The Players' 'Hero' is a blue-eyed straight-backed archetype in his smart suit with his nicely-trimmed 'full set' of whiskers.

On the other hand Procol featured a swarthy, hirsute, dentally-challenged sailor, gurning hideously from the 1969 album.

Not all fans believe that this is a version of Keith Reid himself, executed by Dickinson, to whom he was married. To the right, though, you may see Keith writing 'That's me' as he signs the cover at Bloomsbury in 2005 after his first performance with the band in thirty years.


Above, a full-face image of the same sailor hero, as featured on Reid's Christmas card in the early 1970.

And of course the lifebelt motif with wording, but sans matelot, is often seen on the lapels (or berets) of fans at Procol shows: lamentably, supplies of this excellent little memorabilium have long-since sunk without trace.

Another parody, clearly of Japanese origin, but otherwise obscure in import.

Finally, a full-length version of the original advertisement, right, and a hand-painted
revision with Gary Brooker at its heart.


Ruthie Bosch (herself no mean designer of Procoloid sleeve-art, sends us (January 2015) this Burmese match-book cover from more than a century ago.

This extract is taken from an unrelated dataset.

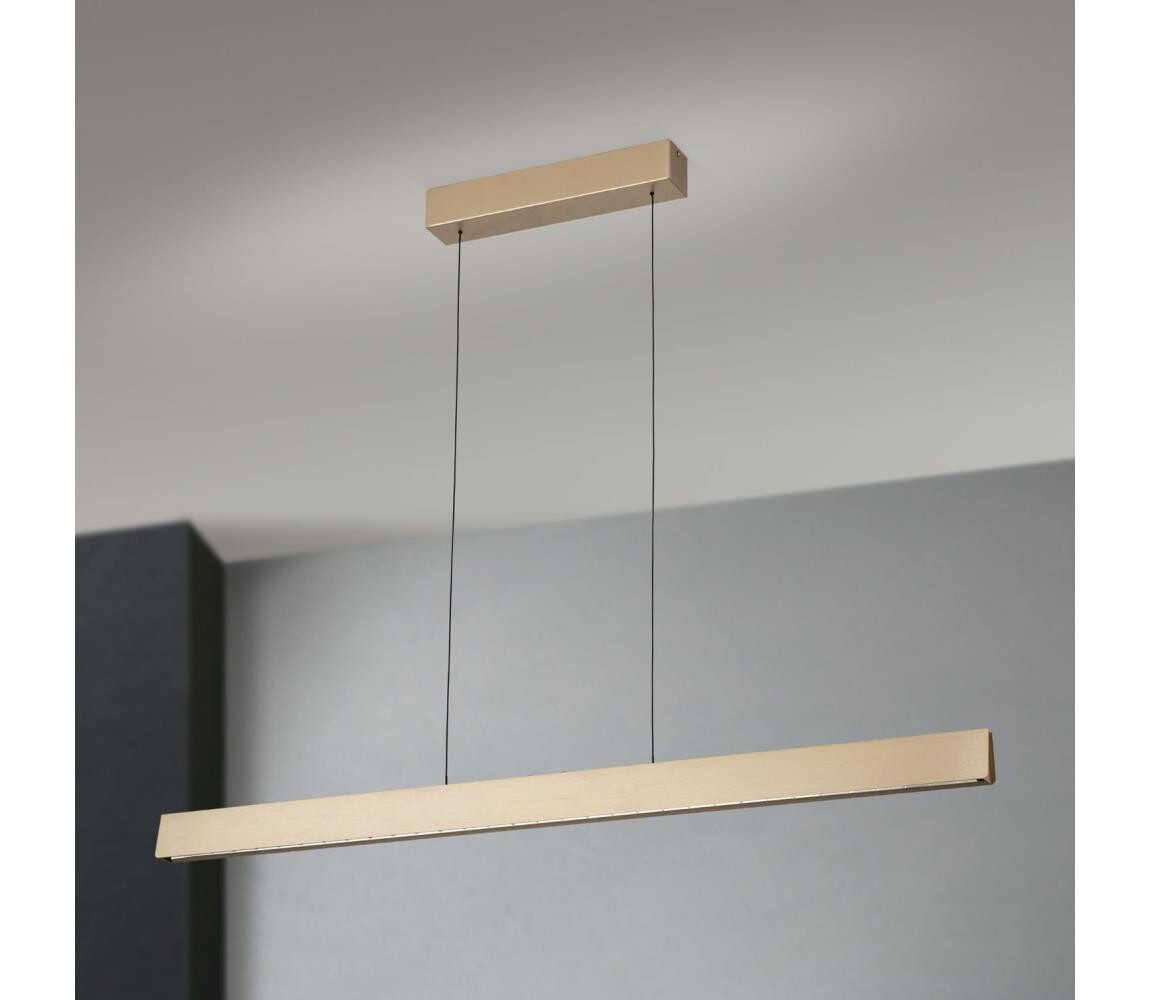 Orion Orion HL 6-1716/120 - LED Stmívatelný lustr na lanku TARA LED/44W/230V zlatá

Nothing to do with the Players' tobacco company, but unwittingly another ancestor for Procol Harum's famous album.

Peter Ashley writes (11 January 2011) in his Unmitigated England blog: Funny how the wheel of life turns. Or the CD on the record player of life. Putting the finishing touches to my cigarette book (blogs passim) I was reminded that Procol Harum made an album in 1969 called A Salty Dog. And that the album sleeve was a primitive pastiche of the original Player's Navy Cut cigarette packet. I'd never heard the album, even though A Whiter Shade of Pale transcends genres and time to still be one of the best pop songs to make the Hit Parade; and I do have an obscure album of theirs called Exotic Birds & Fruit which I bought just for the still life on the cover. So needing a pristine example of A Salty Dog to scan in for the book, I sent off for what I think is a 40th anniversary edition. It arrived yesterday, so I can now tell you that the cover was painted by Dickinson, who, surprisingly, is a lady and married (at least at the time) to the lyricist in the band Keith Reid. I popped it into the player in the car this morning, and have to tell you I had to stop the car in a field gateway and stare out over the wet fields of Leicestershire as the eponymous first track swept over me. I thought it simply brilliant. Which is a good job, after forty two years.
 

This vibrant and characterful image (the original is painted in acrylic and measures 18” x 24”) was sent to ‘Beyond the Pale’ by Robin Seeger Greene, who first saw Procol live when she was about 15 or 16, at The Felt Forum in New York (‘I think I saw God!’). In the early 70s her musician brother had introduced her to the band: ‘While my young friends were bopping to The Monkees, I was being fed songs like In Held ‘Twas I : quite a difference!'  She also saw Procol on 5 August 1995 at Pompano Amphitheatre in S. Florida, where she now lives. ‘It rained (they were covered) but I sat like a statue in awe. This group, to me, are right up there with The Beatles. Timeless. This particular album, A Salty Dog, has been a staple for all these years. I love so many of their releases but every single song on this masterpiece still moves me. I felt compelled to try and paint something I actually love (this is what you do when Boredom sets in!): I love Procol Harum!’ Thanks, Robin: Shine on Brightly!